Speaker of the Chamber of Deputies of Jordan
- In office 1970–1984
- Preceded by: Kassim al-Rimawi
- Succeeded by: Akef al-Fayez

Member of the Chamber of Deputies of Jordan
- In office 1951–1984

Personal details
- Born: 26 March 1901 Abu Dis, Jerusalem Sanjak, Ottoman Empire
- Died: 17 July 1984 (aged 83) Amman, Jordan
- Spouses: Rasmia Baidas; Irfat Kamal;
- Nickname: Abu Ghazi (أبو غازي)

Military service
- Branch/service: Army of the Holy War
- Years of service: 1944–1951
- Rank: Co-Leader
- Battles/wars: 1948 Arab-Israeli War; Al Qastal; Dheisheh;

= Kamel Arekat =

Palestinian-Jordanian militant and politician (1901–1984)

Kamel Arekat (also Uraygat; كامل عريقات, ʿRēqāt; 26 March 1901 – 17 July 1984) was a Palestinian-Jordanian militant and politician who served as the Speaker of the Chamber of Deputies of Jordan.
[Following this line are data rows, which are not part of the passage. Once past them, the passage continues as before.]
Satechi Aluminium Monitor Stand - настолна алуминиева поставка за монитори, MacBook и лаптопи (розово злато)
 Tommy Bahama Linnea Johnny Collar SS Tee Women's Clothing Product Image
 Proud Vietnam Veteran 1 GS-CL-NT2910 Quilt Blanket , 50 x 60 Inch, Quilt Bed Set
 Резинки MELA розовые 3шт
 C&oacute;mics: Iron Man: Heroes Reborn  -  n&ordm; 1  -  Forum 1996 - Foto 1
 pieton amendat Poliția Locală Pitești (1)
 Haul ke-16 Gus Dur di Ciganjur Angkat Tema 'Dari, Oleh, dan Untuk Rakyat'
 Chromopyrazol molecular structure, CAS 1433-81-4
He was born in Abu Dis, a town 5 km in the east of Jerusalem, to a notable Jordanian originated clan.

==Early life==
Kamel was born to a notable family. His grandfather, Sheikh Rashid, was known as the leader of the knights assigned by the Ottoman Sultan to protect Christian pilgrims visiting Jerusalem.
After the World War I, and the British Mandate for Palestine he served in the British Police in 1926.

==Arab–Israeli conflict==
Years later, and due to the Jewish immigration to Palestine, he participated in the Arab-Palestinian resistance movement under the leadership of Abd al-Qadir al-Husayni. He vowed to "throw the Jews into the sea".